That was great fun. Note that the # beneath the 6 is actually code and not a dark cell. Let's go through this:

Across

Hint 2: [[4 3]]. This was one of the trickier ones, because I really got stuck on trying 4Z]]` or similar. Turns out you can use the Cartesian product m* on stuff that isn't an array, and it will make an array for you. So here it is:

4Zm*`

Hint 4: 24717. By the time I got to this, the H, J, s and trailing space were already in place. The H gave away that I could probably just reuse the 17 and do \ at the end. The J pushes a 19 and 247 == 13 * 19, so:

HDJ*s\ 

Hint 7: 32. There are a bunch of ways to do this: Y5#, 3 2, ZY, YZ\, 4(2, 2)2, '32. I went with the last one, because starting with a character seemed promising for 7-down, and that turned out to be right.

Hint 8: E. I already had the 'd when I got there, so it was between choosing 'd1+eu, 'deu1+ or a variant where I used ) and a space instead of 1+ (for the non-CJam people, this taking the d character and increment and upper-casing it, in either order).
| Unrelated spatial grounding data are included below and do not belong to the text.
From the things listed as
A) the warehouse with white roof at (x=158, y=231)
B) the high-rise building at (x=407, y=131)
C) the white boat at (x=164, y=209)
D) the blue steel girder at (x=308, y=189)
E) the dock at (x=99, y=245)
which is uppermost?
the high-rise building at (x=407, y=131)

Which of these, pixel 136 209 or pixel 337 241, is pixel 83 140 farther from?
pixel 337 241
However, the u in the final column looked useful for A-down. So I picked the first of those. In the end, 'd) eu would have worked, too.

Hint 9: "". Well, this had to be "empty string, get string representation, push a space". But also needed the ` for string representation in 7-down, and a space in A-down seemed useful, too, so I chose

]`' 

Note that ] might also have been one of LMOQR.
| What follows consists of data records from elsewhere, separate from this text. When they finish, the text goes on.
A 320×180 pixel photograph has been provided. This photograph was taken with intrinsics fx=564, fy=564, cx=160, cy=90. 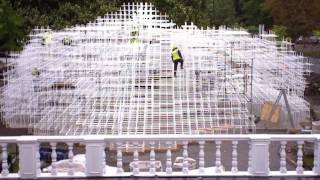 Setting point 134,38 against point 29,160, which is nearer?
point 29,160

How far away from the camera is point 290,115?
17422mm

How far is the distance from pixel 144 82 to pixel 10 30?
1065cm

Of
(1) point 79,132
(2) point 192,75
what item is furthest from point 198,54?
(1) point 79,132

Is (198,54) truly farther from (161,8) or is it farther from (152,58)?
(161,8)

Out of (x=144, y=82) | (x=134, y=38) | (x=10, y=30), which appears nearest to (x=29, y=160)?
(x=144, y=82)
Hint B: "m. I just really had to fit this one in with the rest, but there were few characters that mattered. I already had the { and the m. So instead of using a block, I turned { into a character, discarded it, and then pushed the two required characters:

 '{;'"'m

Hint D: 124. I solved this one together with C-down, which was easiest with a decrement at the end. So I push a 12, a 5, and decrement the latter:

C5(

Down

Hint 1: [2 2 2 3]. That looked too suspiciously like a prime factorisation for it not to be one. :)

24mf`

Hint 3: 3010936384. Factoring this showed that it's actually 386. The only question was how to get the 38 in compliance with 2-across. In the end I needed a * in the third place, so doubling 19 it was:

J2*6#

Hint 5: 2017. Two characters for such a large number? Just use built-in two-digit variables:

KH

Hint 6: "18". I think there's only a single way to do this in 3 characters. Use the built-in 18, convert it to a string, and then to its string representation.

Is`

Hint 7: ' "\"\"". Probably the hardest part of the puzzle. In particular, I needed to get the "\"\"" in only three characters. The trick was to get the string representation of the empty string twice. That led to:

' `L``+

THe + isn't necessary, but was needed by 8-across.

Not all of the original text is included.